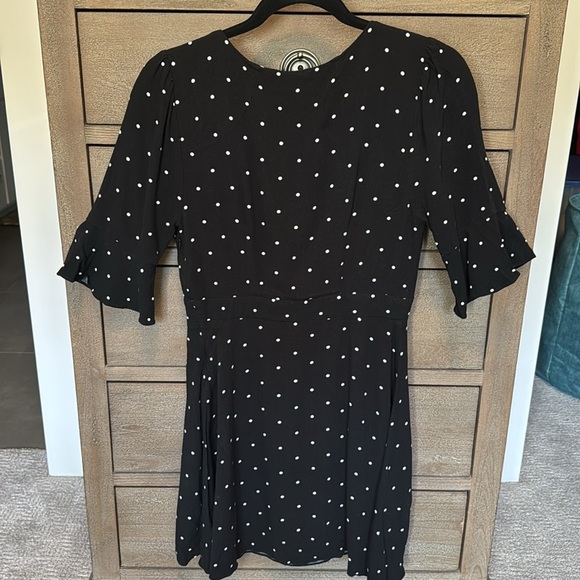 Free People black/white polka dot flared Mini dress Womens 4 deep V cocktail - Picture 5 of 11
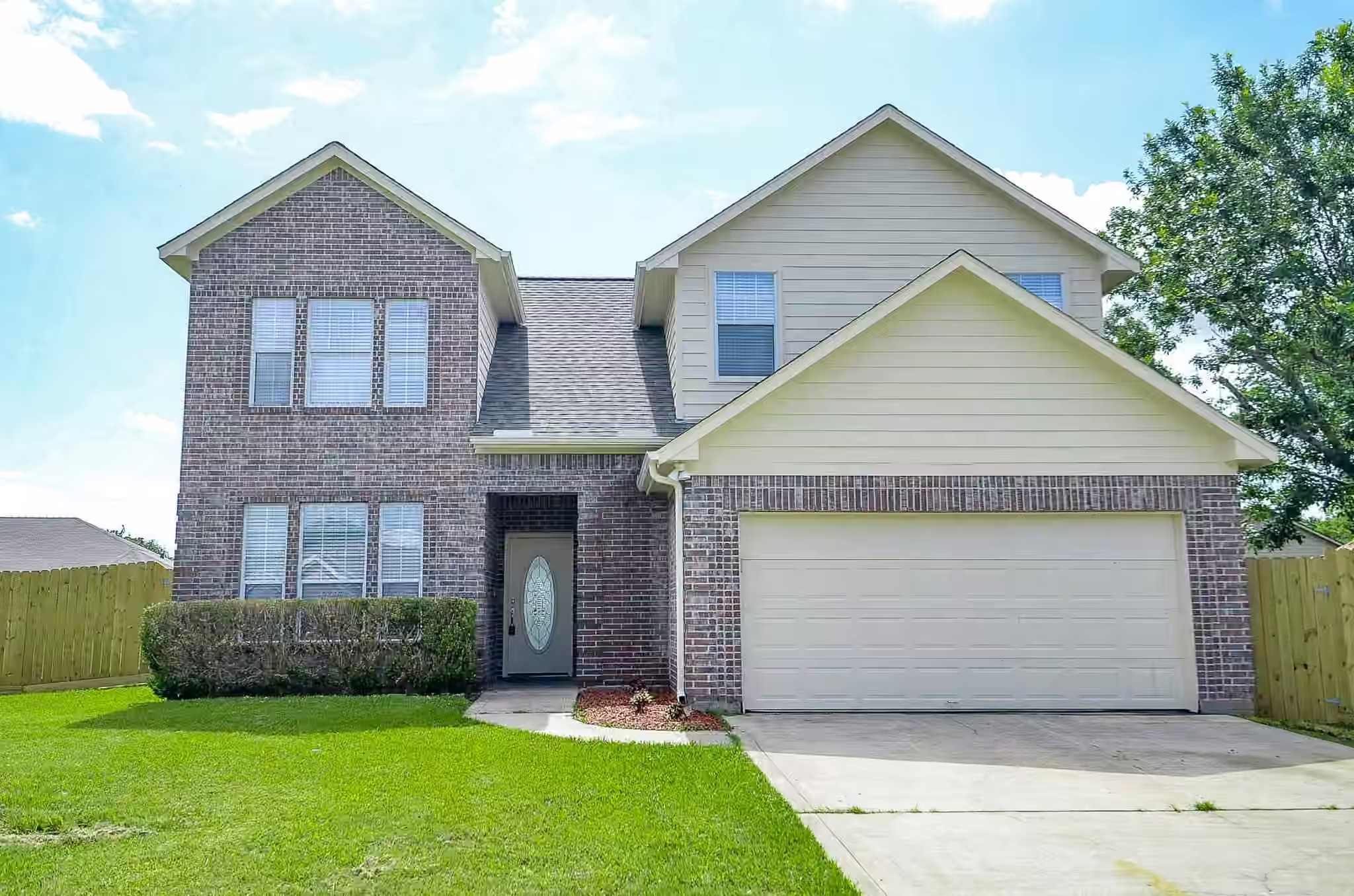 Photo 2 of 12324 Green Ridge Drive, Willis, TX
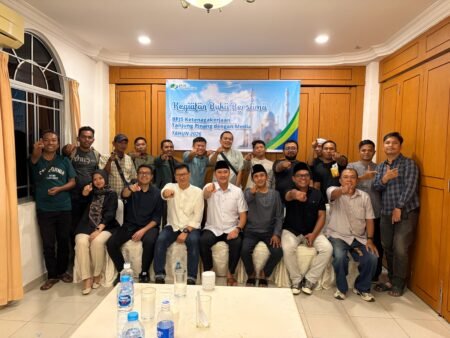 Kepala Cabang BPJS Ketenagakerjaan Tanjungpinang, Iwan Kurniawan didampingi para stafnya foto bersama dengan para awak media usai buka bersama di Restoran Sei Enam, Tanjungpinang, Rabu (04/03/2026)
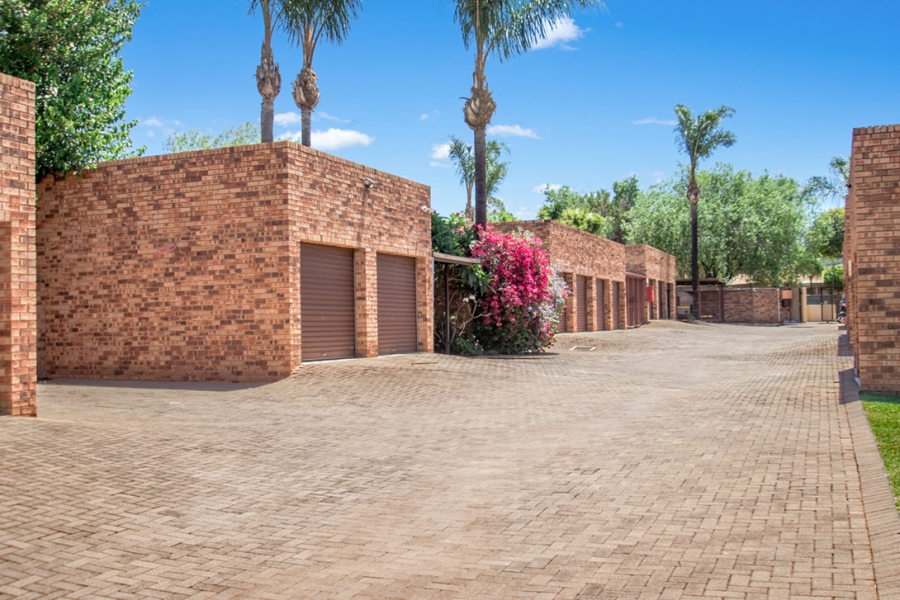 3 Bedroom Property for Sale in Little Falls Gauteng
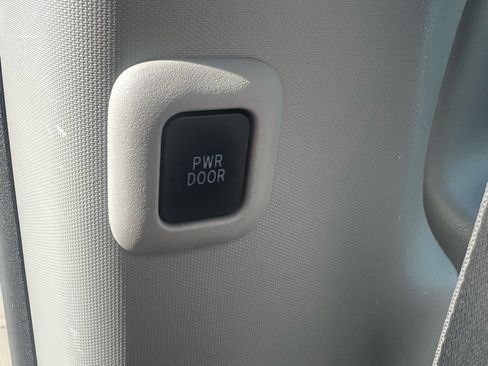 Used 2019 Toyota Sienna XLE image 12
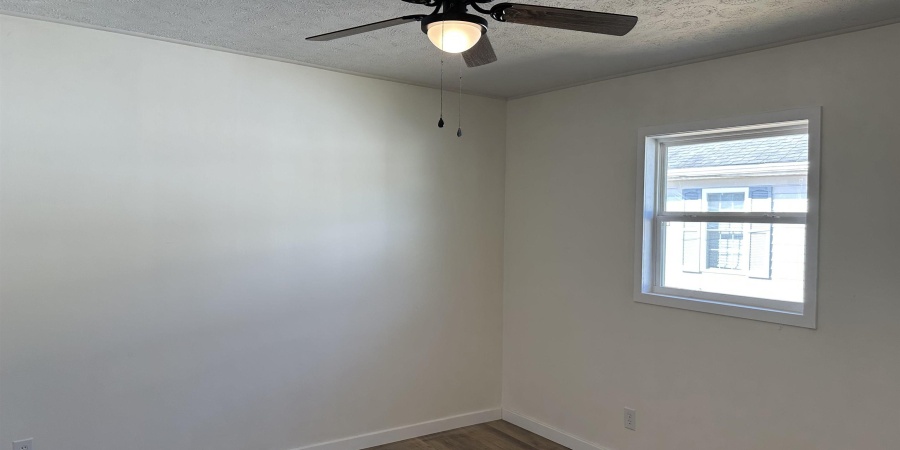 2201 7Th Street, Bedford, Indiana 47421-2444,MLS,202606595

EXERCISE INSTRUCTIONS =>
Nothing but the text of the listing should be set down, exactly, with the pictures left behind.

WORKED SOLUTION =>
 Free People black/white polka dot flared Mini dress Womens 4 deep V cocktail - Picture 5 of 11
 Photo 2 of 12324 Green Ridge Drive, Willis, TX
 Kepala Cabang BPJS Ketenagakerjaan Tanjungpinang, Iwan Kurniawan didampingi para stafnya foto bersama dengan para awak media usai buka bersama di Restoran Sei Enam, Tanjungpinang, Rabu (04/03/2026)
 3 Bedroom Property for Sale in Little Falls Gauteng
 Used 2019 Toyota Sienna XLE image 12
 2201 7Th Street, Bedford, Indiana 47421-2444,MLS,202606595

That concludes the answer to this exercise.